## COLLECTED MATERIAL
----

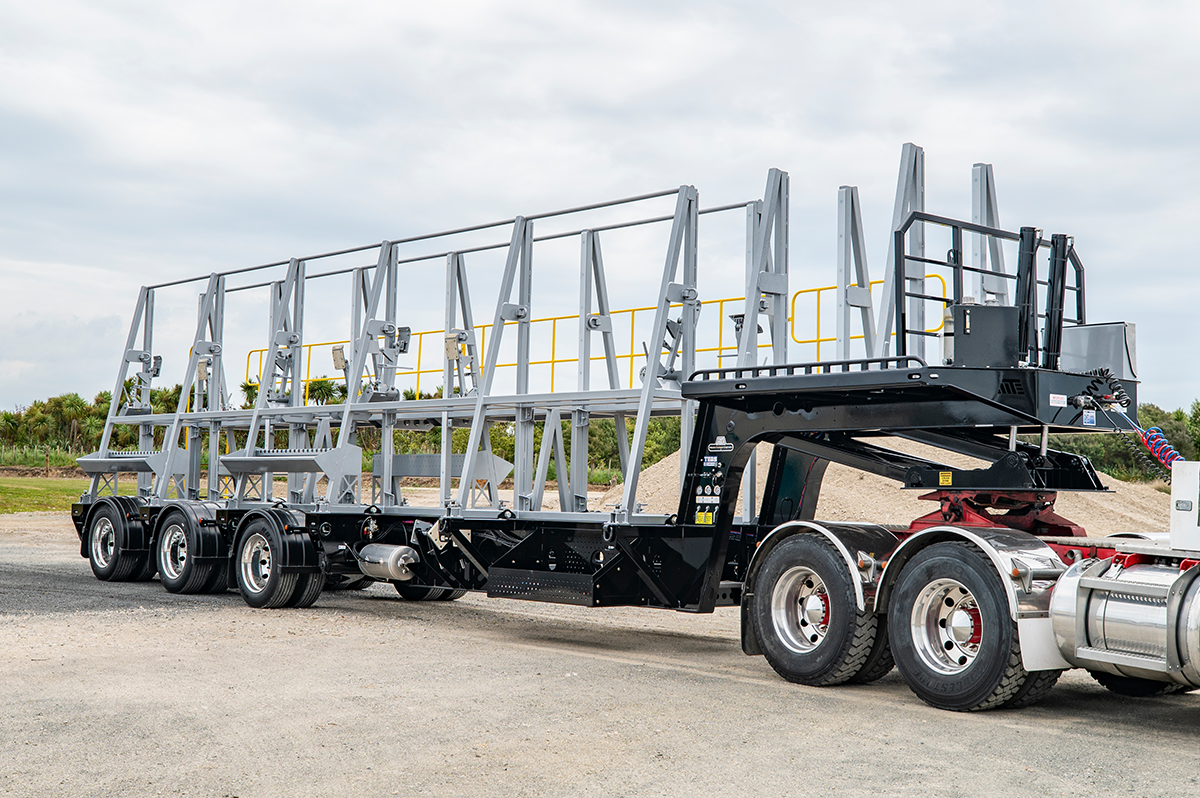 Rows of 4 Panel Trailers Front Side Angle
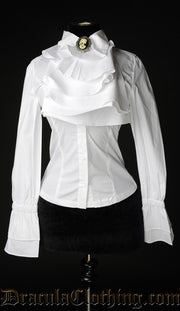 WHITE COTTON ELEGANT CRAVAT BLOUSE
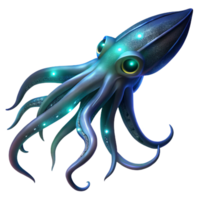 beautiful minimalist A giant squid swimming in the deep ocean, illuminated by bioluminescent creatures, portrayed in a mysterious, dark style high resolution png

----

## WORK TO BE COMPLETED
Keep pictures out and return the lines from the one containing "WHITE COTTON ELEGANT CRAVAT BLOUSE" through the end of the listing, both included, character for character.

## SOLUTION BELOW
 WHITE COTTON ELEGANT CRAVAT BLOUSE
 beautiful minimalist A giant squid swimming in the deep ocean, illuminated by bioluminescent creatures, portrayed in a mysterious, dark style high resolution png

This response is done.